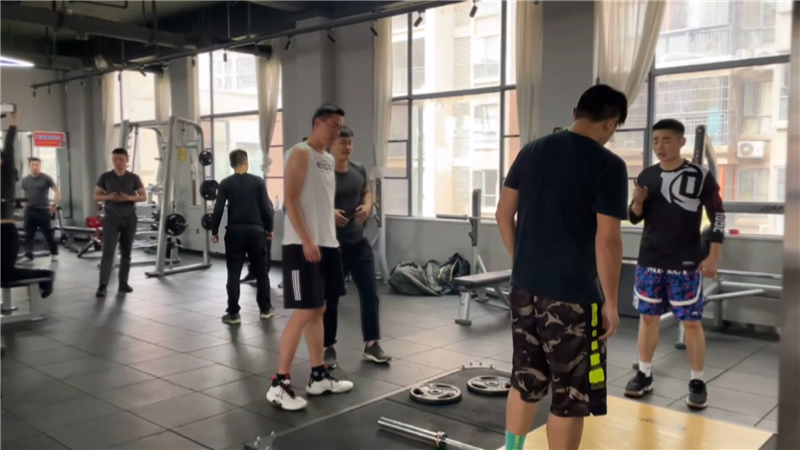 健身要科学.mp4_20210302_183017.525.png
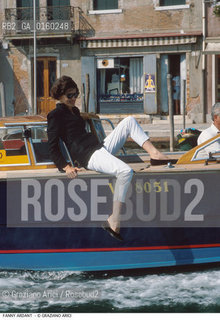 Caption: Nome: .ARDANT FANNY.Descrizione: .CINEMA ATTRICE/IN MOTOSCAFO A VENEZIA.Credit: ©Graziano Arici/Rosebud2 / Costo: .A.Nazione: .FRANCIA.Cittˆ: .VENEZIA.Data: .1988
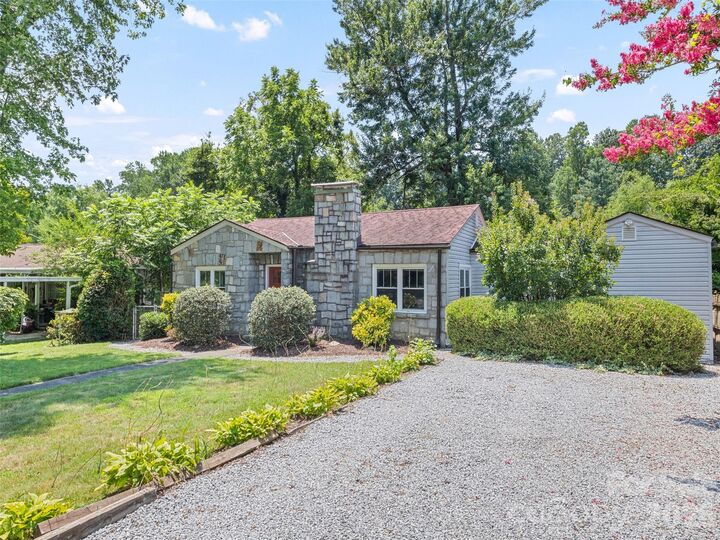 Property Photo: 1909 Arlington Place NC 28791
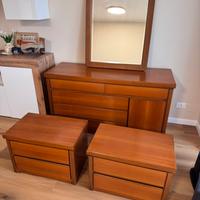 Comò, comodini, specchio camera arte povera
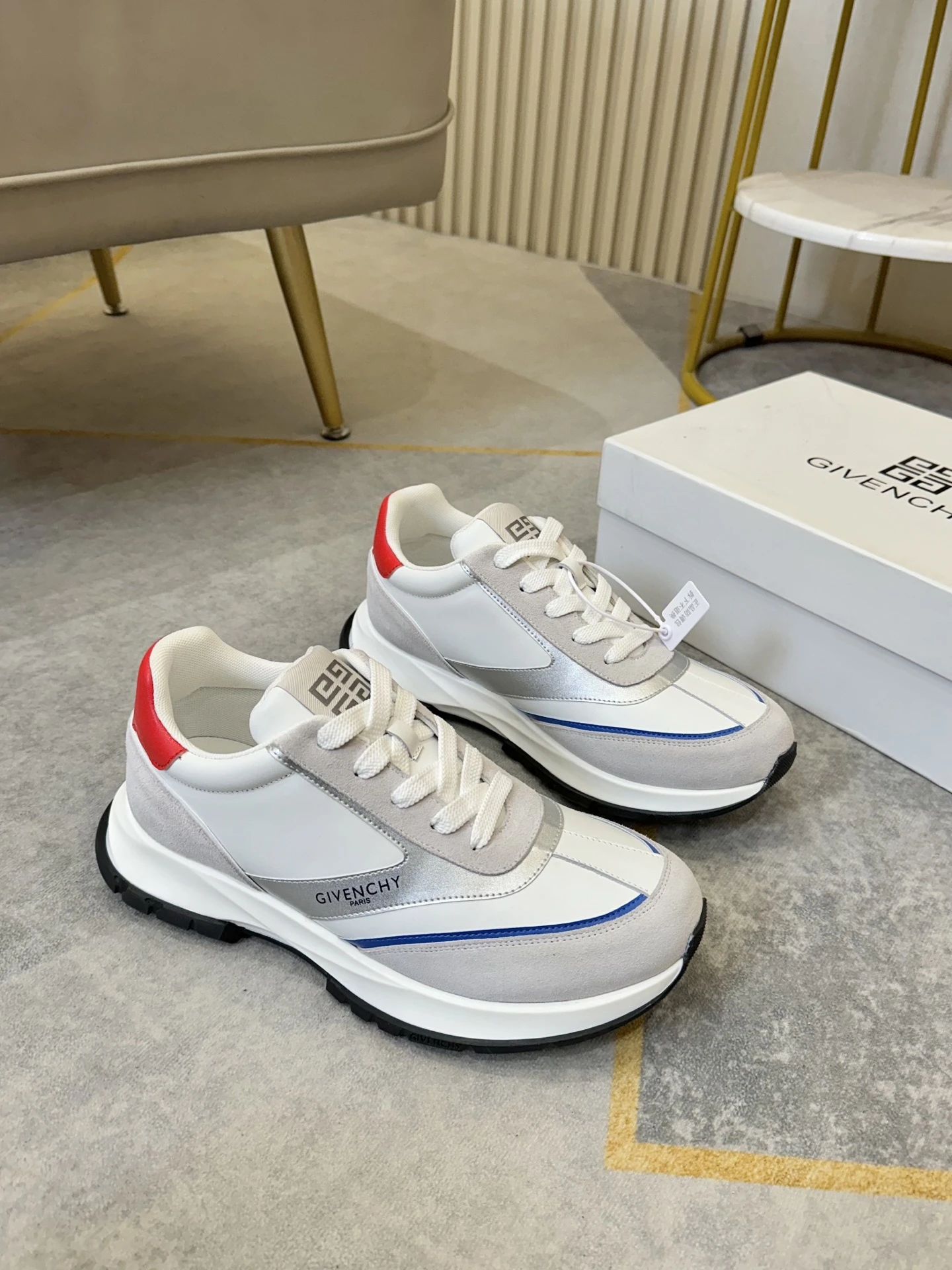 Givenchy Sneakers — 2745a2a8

## Action item
When you copy the records above, keep every word exact but leave out the pictures.

## Reply
 健身要科学.mp4_20210302_183017.525.png
 Caption: Nome: .ARDANT FANNY.Descrizione: .CINEMA ATTRICE/IN MOTOSCAFO A VENEZIA.Credit: ©Graziano Arici/Rosebud2 / Costo: .A.Nazione: .FRANCIA.Cittˆ: .VENEZIA.Data: .1988
 Property Photo: 1909 Arlington Place NC 28791
 Comò, comodini, specchio camera arte povera
 Givenchy Sneakers — 2745a2a8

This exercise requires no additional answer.